Q. Considering just how many laps, lap after lap after lap, that you had to hold off Harvick, where would this rank as far as your driving performances?
JOEY LOGANO: I don't know. I don't know. Obviously it's cool to win at Bristol. It's cool to be racing one of the best out there and being able to hold him off and race each other hard and obviously not make mistakes. He didn't make mistakes and I didn't make a mistake today, either. It was fun to race like that. Where it ranks, I don't know. I thought winning a road course was really, really cool earlier, just to have that on there. But winning at Bristol, it's just such a driver's racetrack. It's such a tough place to get around. You've got to think about 500 laps around this place, it's like, so long, and you're just shot at the end of it, mentally and physically, and your car is wore out and you're trying to get everything you can and there's rubber everywhere and you're trying to stay out of that, but you're trying to run fast laps, you're trying to work around other cars. You never get a break. So Bristol you start the race and say, this is going to be a long one. You know it's going to be a tough, grueling race, but it puts on a great race, and I enjoy coming here. Don't get me wrong, I love it. But I don't know where it stacks up. But it went well. I guess it stacks up there somewhere.

Q. Walt was asked when he was in here earlier to kind of talk about what stood out with your performance, and he said the one thing that came to mind tonight was your poise. I just wondered, you're 25 but you've raced, what, seven full‑time seasons now in Cup. Is poise something that you think you've always had as a driver, or is it something that's kind of developed over time, and how difficult is it to kind of maintain that, particularly in a place like this?
JOEY LOGANO: I think my dad always told me you are who you hang out with, and if you're hanging out with people like Roger Penske and Team Penske, that's a lot of poise, to say the least. I learned a lot from them. You know, I try not to get fired up inside the race car. A lot of times I don't because I see the bigger picture. I just want to get through it, we'll be fine. We had a little hiccup on one pit stop tonight. No big deal. Everything is okay. We'll get through it.

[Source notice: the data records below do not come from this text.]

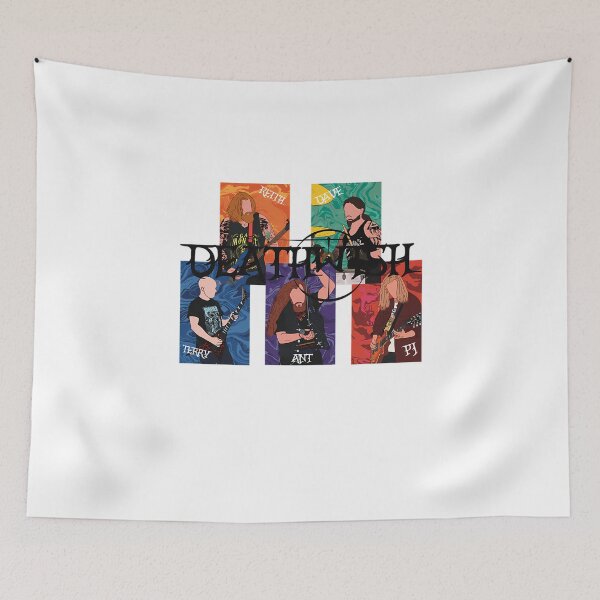 Item preview, updated - the members - black designed and sold by LisaDiane26.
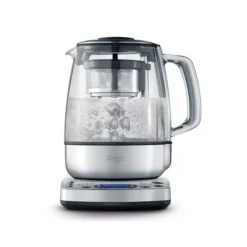 Tetera de cristal infusionado con control de temperatura Sage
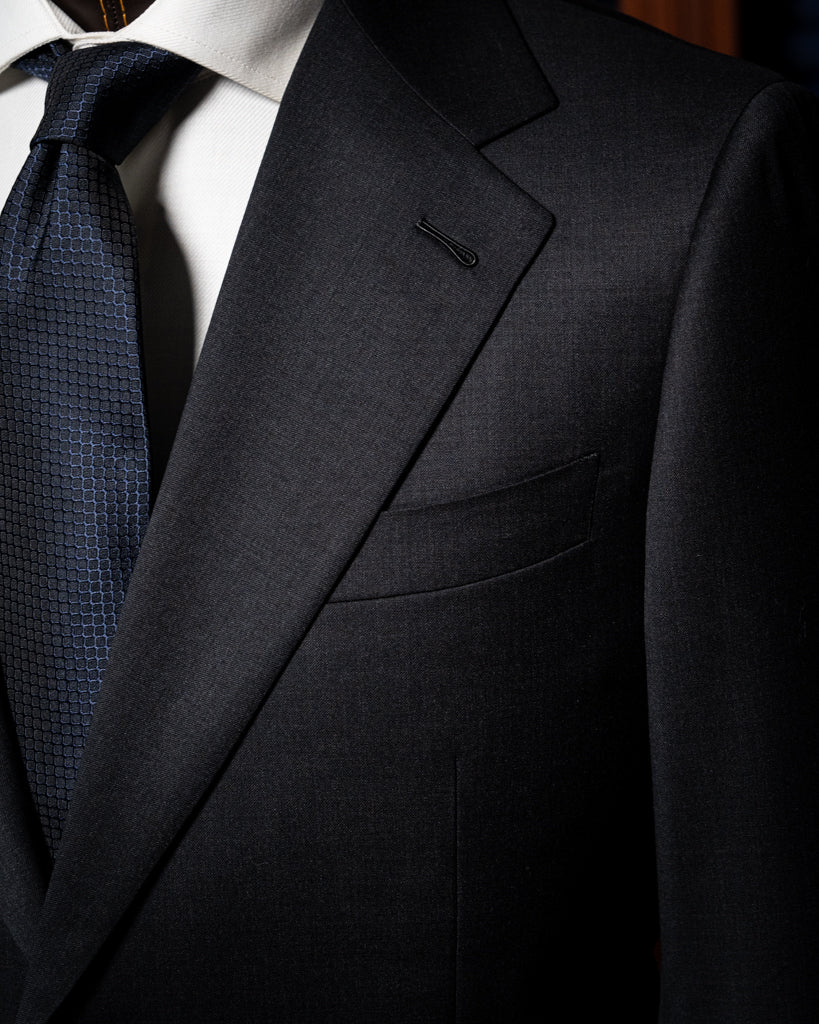 Giotto Metal Grey Suit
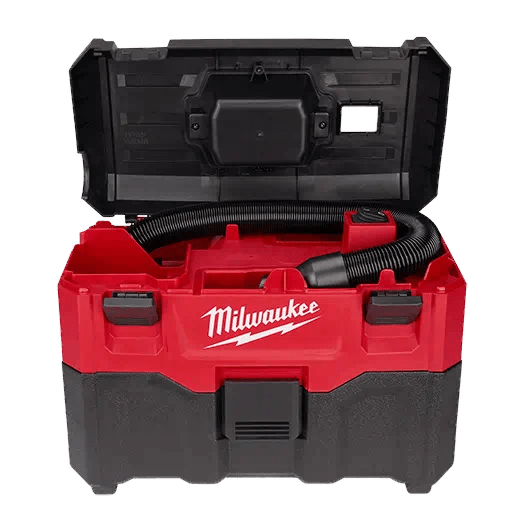 Milwaukee 0880 - 20 M18 2 - Gallon Wet/Dry Vacuum (Tool Only) - Lined Out Milwaukee 0880 - 20 M18 2 - Gallon Wet/Dry Vacuum (Tool Only)Vacuums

Those are opportunities to completely throw a race away. You can completely destroy a team. You can destroy‑‑ as a driver you're one of the leaders, and you have the power to destroy a race team or build a race team, you know, and I think I understand that, and I think that's something that's helped us a lot, but I think of qualifying, what happened this week, and we had a flat right‑rear tire. We were able to just execute through the first round and be able to put a scuff on it so we could finish qualifying, and we qualified fifth. We barely made it through the first round because of the tires seeping 15 pounds in two laps. And none of us got fired up.
This is the funny part, I told Todd not to tell me anything. I said, I heard there was a flat tire, I don't want to know anything. Don't tell me what corner it is. Don't tell me a thing. Just let me go out there and drive the car. Don't tell me what your plan is. But that's where we're at with things. I trust Todd 100 percent and every decision he makes. I trust my team 100 percent in everything they do. I put my money on them coming down pit road at the end of a race, and having that faith in your team, obviously it gives you poise and allows us all to do our job. We can start screaming and yelling and then you kind of forget what the job is when you're screaming and yelling at each other.
THE MODERATOR: Thanks, Joey, and congratulations on the win.